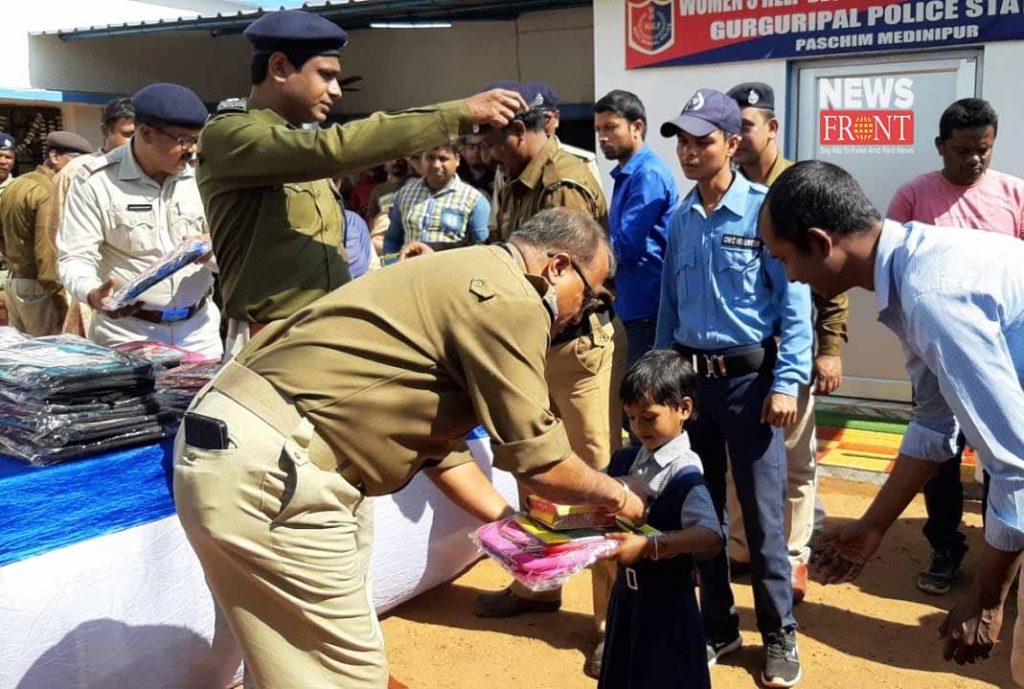 police officer distribute studies materials to students | newsfront.co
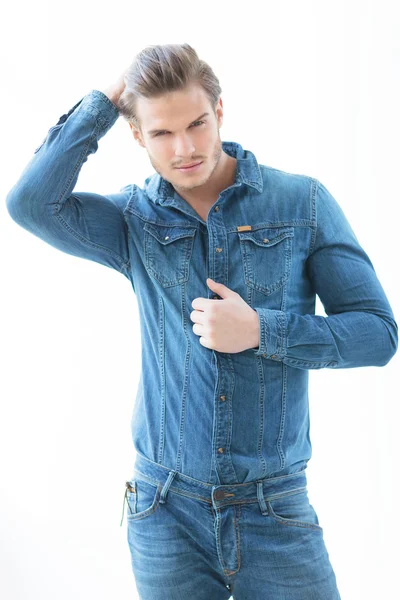 Smiling man  fixing his hair — Stock Photo, Image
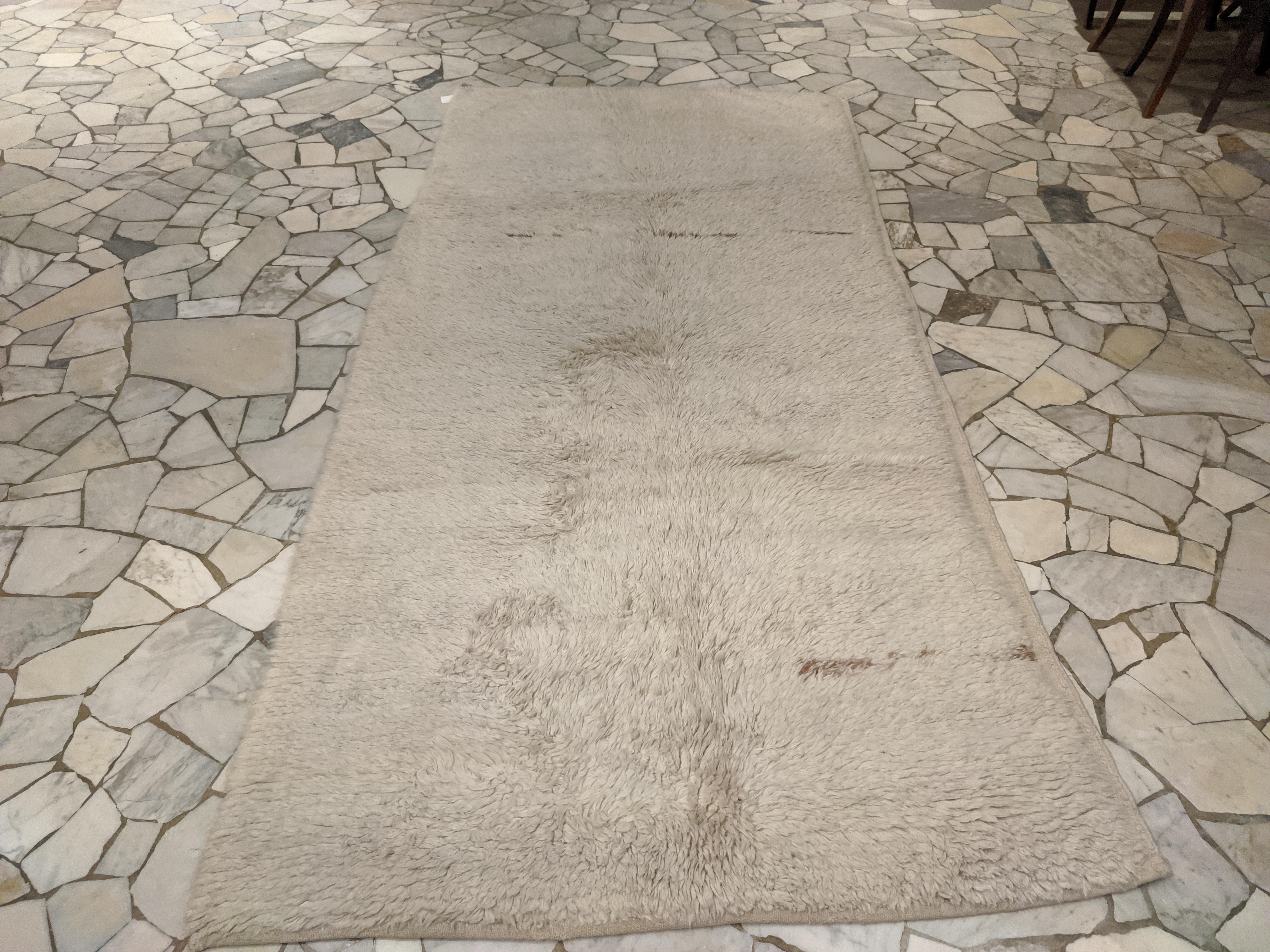 A rare and relatively early example of monochrome Tulu rug, distinguished by a completely open field embellished by almost calligraphic touches of natural brown wool. Tulus of this type are among the earliest extant and are distinguished by a larger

= Task goal =
Through the line containing "Stock Photo, Image" and no further, restate the data above word for word from its first line, leaving out pictures.

= Response to this exercise =
 police officer distribute studies materials to students | newsfront.co
 Smiling man  fixing his hair — Stock Photo, Image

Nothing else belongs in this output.